Mashiter didn't make that hire. But with the U.S. jobless rate at 4.6%,
it's clear that one classic small-business hiring strategy is falling out of fashion --lowball salaries and compensation with stock options. With real salaries to pay, small technology companies are under even more pressure to get a product out fast and make money. Mashiter's 16-month-old Ennovate Networks expects to live on venture capital for a few more months. "It's making it hard for us to control the burn rate," he
says.
Mashiter's experience is borne out at small businesses across the U.S.,
a survey of accounting, finance, and information technology salaries shows.
Robert Half International Inc., a staffing company specializing in these
fields, projects U.S. starting salaries in accounting and finance will
rise by an average 4.7% in 1999, after a 3.1% increase in 1998 for companies
of all sizes. The salaries of information technology experts in 1999 are expected
to jump even more -- an average 7.3%. That's more than double the 3.5% rise
forecasted for 1998, RHI says. Reflecting the boom in Internet use, Web developers
can expect a 14.8% increase in starting base salaries next year, ranging from $47,000
to $65,500. And Webmasters are close behind with a 14.7% jump, putting
them at $51,500 to $73,000.
What's more, with the economy still growing handsomely, small businesses are
under pressure to narrow the gap between their pay scales and those of
larger businesses.

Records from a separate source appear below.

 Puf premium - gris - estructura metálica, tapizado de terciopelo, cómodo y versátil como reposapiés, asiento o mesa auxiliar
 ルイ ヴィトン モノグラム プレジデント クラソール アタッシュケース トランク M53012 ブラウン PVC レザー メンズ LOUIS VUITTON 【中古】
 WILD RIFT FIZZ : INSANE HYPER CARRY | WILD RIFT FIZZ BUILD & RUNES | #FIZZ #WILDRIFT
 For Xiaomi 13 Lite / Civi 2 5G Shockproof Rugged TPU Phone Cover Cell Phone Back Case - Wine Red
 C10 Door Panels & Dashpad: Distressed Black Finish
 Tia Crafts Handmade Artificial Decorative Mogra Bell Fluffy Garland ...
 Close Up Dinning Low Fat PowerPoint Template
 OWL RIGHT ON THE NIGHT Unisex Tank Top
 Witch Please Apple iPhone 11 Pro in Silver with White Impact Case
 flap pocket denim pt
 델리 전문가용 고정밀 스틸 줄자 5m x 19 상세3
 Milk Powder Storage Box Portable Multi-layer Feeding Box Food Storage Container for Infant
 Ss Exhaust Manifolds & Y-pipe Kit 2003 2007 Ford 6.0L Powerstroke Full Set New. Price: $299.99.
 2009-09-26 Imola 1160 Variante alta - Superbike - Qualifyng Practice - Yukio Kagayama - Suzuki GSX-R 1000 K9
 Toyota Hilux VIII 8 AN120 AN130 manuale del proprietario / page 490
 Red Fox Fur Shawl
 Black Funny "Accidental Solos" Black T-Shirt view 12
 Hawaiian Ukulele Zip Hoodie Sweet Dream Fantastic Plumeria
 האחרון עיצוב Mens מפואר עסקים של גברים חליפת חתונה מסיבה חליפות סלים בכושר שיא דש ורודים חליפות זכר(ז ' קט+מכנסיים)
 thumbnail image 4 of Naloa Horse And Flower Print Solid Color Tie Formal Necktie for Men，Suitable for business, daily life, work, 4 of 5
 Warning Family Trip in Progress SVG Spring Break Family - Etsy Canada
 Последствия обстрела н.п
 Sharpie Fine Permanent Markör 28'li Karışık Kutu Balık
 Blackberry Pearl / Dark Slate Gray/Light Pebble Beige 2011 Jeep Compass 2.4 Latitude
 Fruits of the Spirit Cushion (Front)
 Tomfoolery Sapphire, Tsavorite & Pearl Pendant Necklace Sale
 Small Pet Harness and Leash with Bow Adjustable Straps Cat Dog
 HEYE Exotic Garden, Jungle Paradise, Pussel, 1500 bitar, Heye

A breakdown of the RHI figures shows that for some functions,
salaries for small companies -- those with up to $25 million in annual sales -- are rising faster than those at larger companies. "They're leveling the paying field," quips Lynn Taylor, director of research at RHI, located
in Menlo Park, Calif. "Large firms pay so much more." Chief financial officers
and treasurers at companies with less than $50 million in annual sales will
have base salaries from $67,750 to $92,000, up 3.1% from 1998.
The increase for larger companies is projected to be 1%, ranging from $242,250 to
$319,250. Nonsalary compensation such as stock options aren't counted.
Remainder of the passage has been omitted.